FTRを統括するシニアディレクターのマーティン・ルースラーは、「われわれは、適切な意思決定に役立つインテリジェンスを経営層に提示して、プロアクティブなセキュリティ対策の実現を導くだけでなく、世界中の捜査当局との密接な連携によってサイバー犯罪組織をも撲滅しています。最近では、数年にわたって収集した犯罪の証拠をFBIとエストニア国家警察に提供し、DNSチェンジャーと呼ばれる不正プログラムを利用して金銭を荒稼ぎしていたサイバー犯罪グループの容疑者摘発に寄与しました」と語ります。

FTRでは、具体的にどのような取り組みを行っているのでしょうか。FTRのシニアスレットリサーチャーのナート・ベルヌーヴは、「Luckycat」と呼ばれる持続的標的型攻撃を例に、最新の成果を紹介しました。

ベルヌーヴは、「Luckycatは、特定の企業や組織しか持ち得ない機密情報を窃取することを目的とする、持続的標的型攻撃の一連の作戦活動(キャンペーン)です。2011年6月ごろから見られる、これら一連の攻撃を継続的に調査したところ、主に航空宇宙、エネルギー、エンジニアリング、運輸、軍事、チベット人活動家などの産業やコミュニティを標的にしていることがわかりました」と説明します。

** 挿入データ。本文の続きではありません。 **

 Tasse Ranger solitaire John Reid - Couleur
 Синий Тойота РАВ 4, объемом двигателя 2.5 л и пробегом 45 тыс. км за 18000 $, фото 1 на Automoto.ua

不正プログラムに感染させる主な手口としては、標的の内部にいるユーザに対し、ユーザが興味を引くような内容に偽装した電子メールを送りつけ、それに添付した悪質な文書ファイルを開封させる方法がとられていました。日本国内では実際に、福島原発事故に関連する正規の資料を装ったPDF文書を送付し、開封されたコンピュータ上に不正プログラムを仕込む攻撃が見られました。こうして侵入に成功した不正プログラムは、攻撃インフラであるC&C(コマンド&コントロール)サーバと通信を開始し、より高度な不正プログラムやツールをダウンロードしてネットワーク内部の情報を盗み出すのです。